= Beginning of Section =

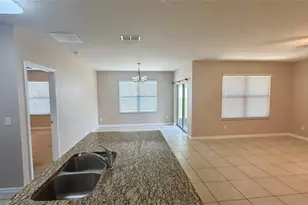 3342 Landing Vw, Tavares, FL 32778 - Photo 7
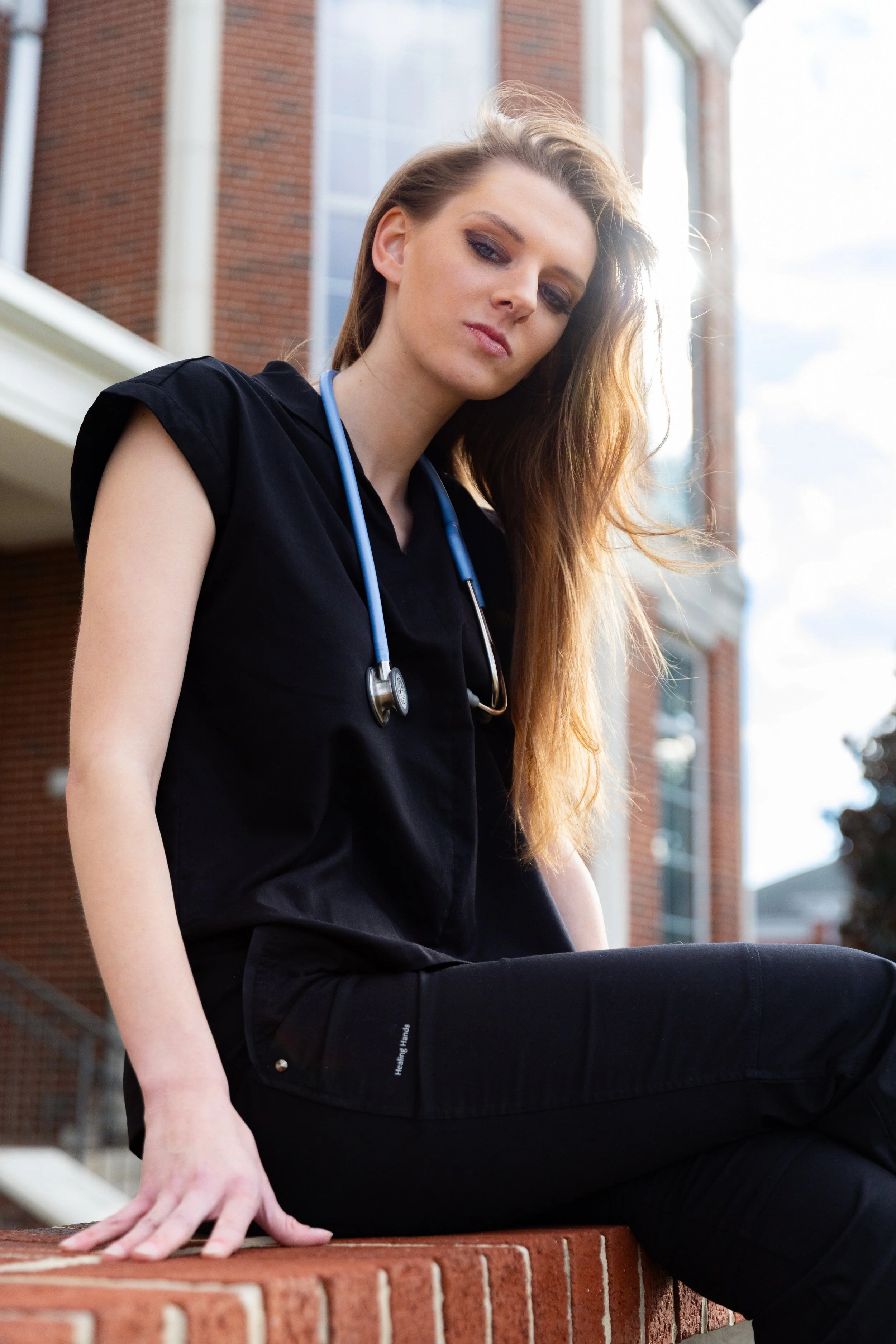 Anna Senior Photos-097.jpg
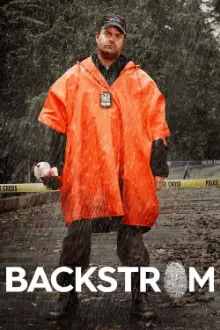 Backstrom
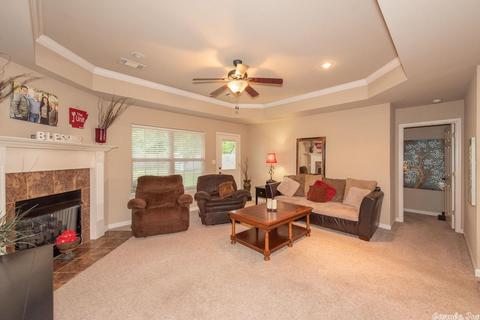 1025 Katy Ln, Alexander, AR 72002 photo 9
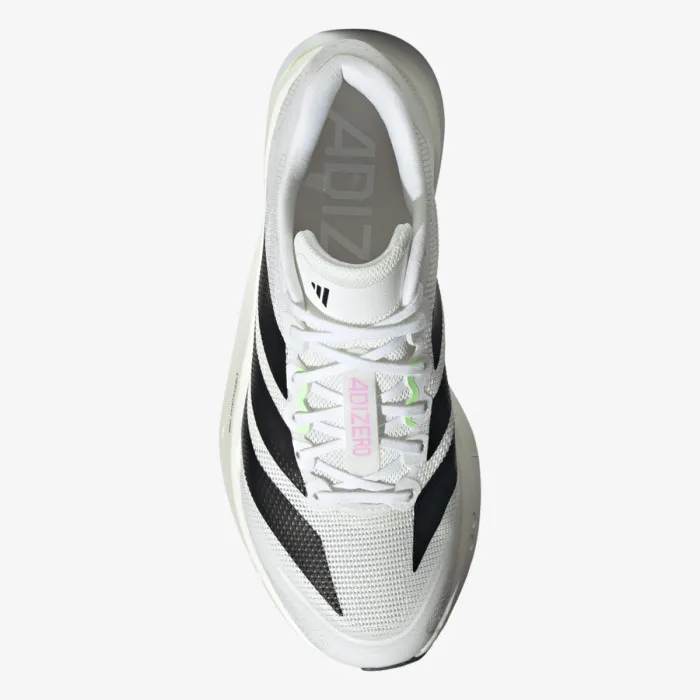 adidas ADIZERO BOSTON 13 W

= End of Section =

Work task: The required output is each line above restated verbatim, with all images omitted.

Finished task:
 3342 Landing Vw, Tavares, FL 32778 - Photo 7
 Anna Senior Photos-097.jpg
 Backstrom
 1025 Katy Ln, Alexander, AR 72002 photo 9
 adidas ADIZERO BOSTON 13 W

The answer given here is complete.